Originaltitel: The Death and the Maiden

Regie: Roman Polanski Buch: Rafael Yglesias, Ariel Dorfman Kamera: Tonino Delli Colli Musik: Wojciech Kilar Darsteller: Sigourney Weaver, Ben Kingsley, Stuart Wilson, Krystia Mova Produktion: GB/F, 1994 Länge: 103 min. Fassung: 35mm, 35 mm, OF

Die faszinierende Konstellation des Films ist wie folgt:
Irgendwo in Lateinamerika, kurz nach der Diktatur, ein einsames kleines Haus. Eine Frau (SiW) erwartet ihren Mann (StW), er kommt spät, eine Panne, jemand hat geholfen. Als Pauline die Stimme des Samariters hört, greift sie zur Pistole: Sie glaubt die Stimme jenes Arztes (BK) zu erkennen
, der sie damals mit verbundenen Augen nackt unterm Neonlicht liegend, gefoltert und vergewaltigt hat - mit seinem Körper, mit Eisenstäben und mit Strom. Und der dabei Musik von Schubert hörte.

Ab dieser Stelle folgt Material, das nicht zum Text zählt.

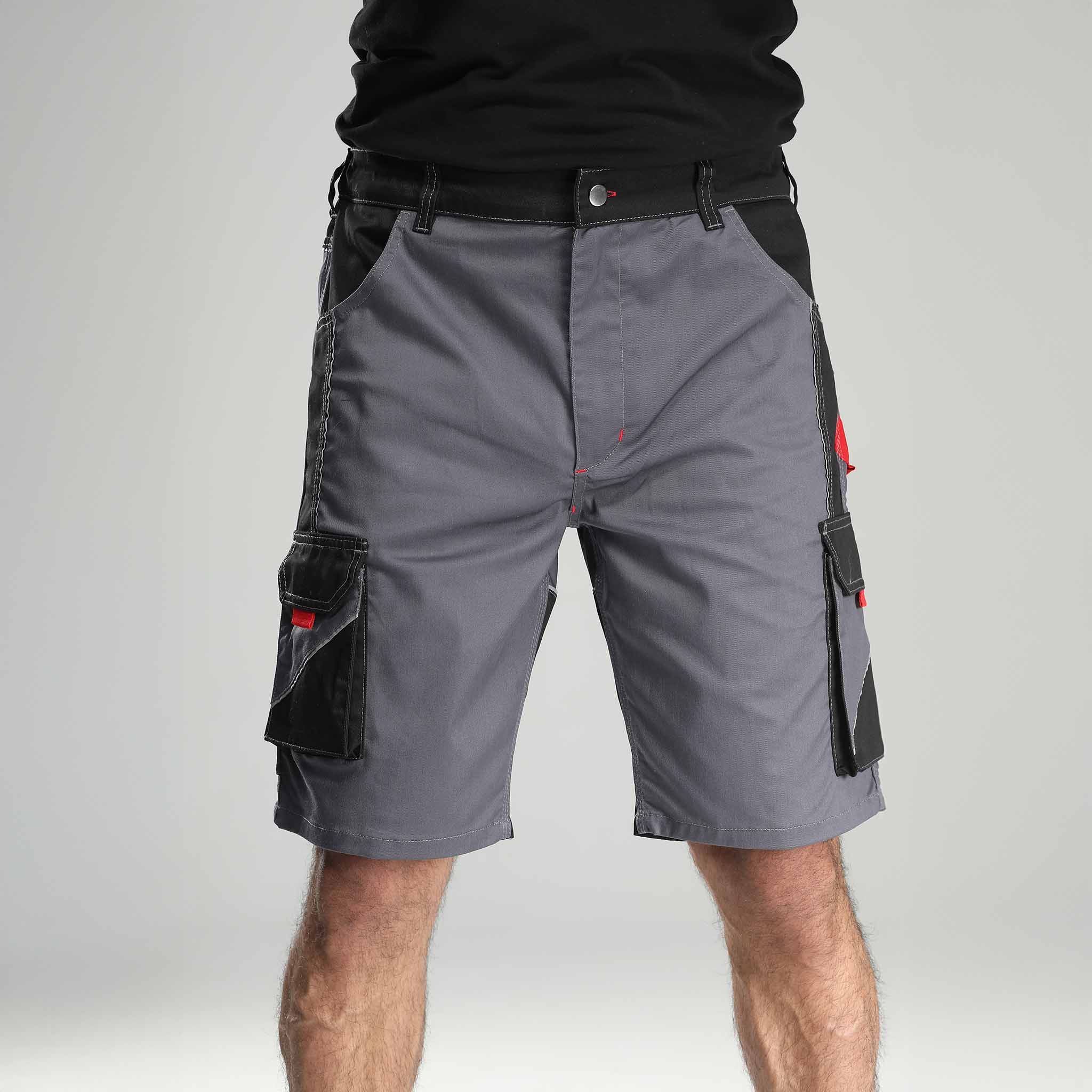 Arbeitshose Stretch Kurz Grau/Schwarz
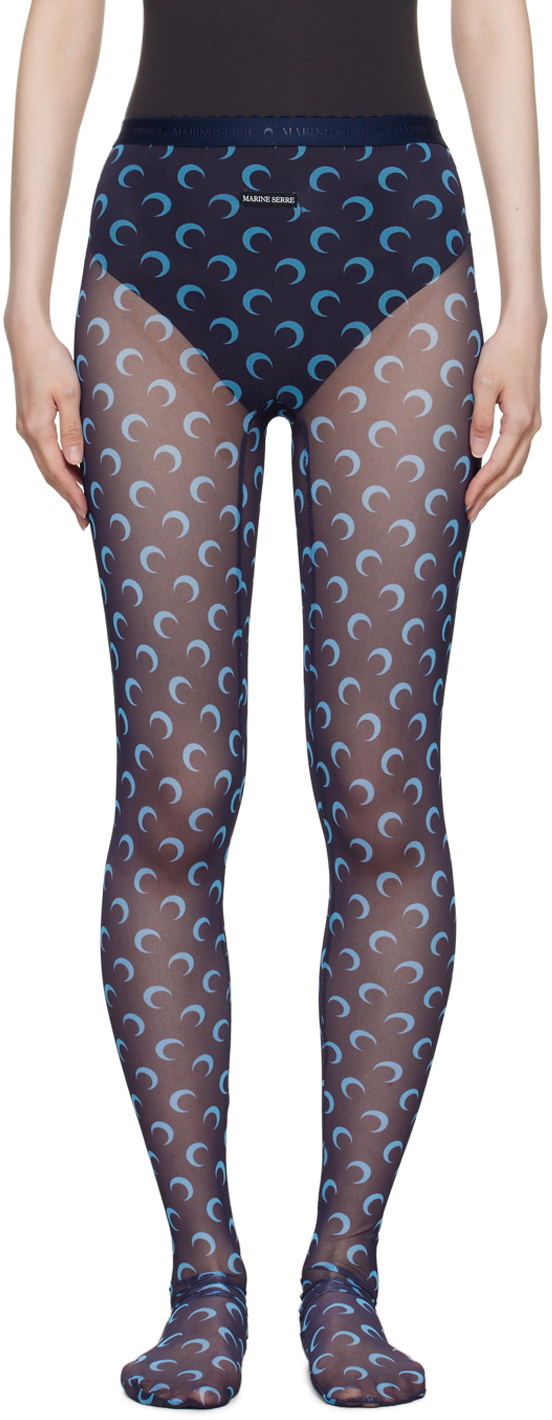 Recycled Mesh Flock Tights • Marine Serre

Die Parabel auf den Umgang mit der Vergangenheit ist die politische und ästhetische Bedingung der Geschichte. Wir werden nie erfahren, ob der Arzt der Zyniker aus dem Keller war, ebensowenig wie Pauline.
Die zweite Dimension des Films ist die „Fassbarmachung“ der Folter: Welche Mechanismen treten auf? Wie ist das Verhältnis von Folterer zu Gefoltertem? Spielt es für die Legitimierung überhaupt eine Rolle? Wo bleiben die Grundlagen menschlichen Handelns - Emotionalität und Kausalität?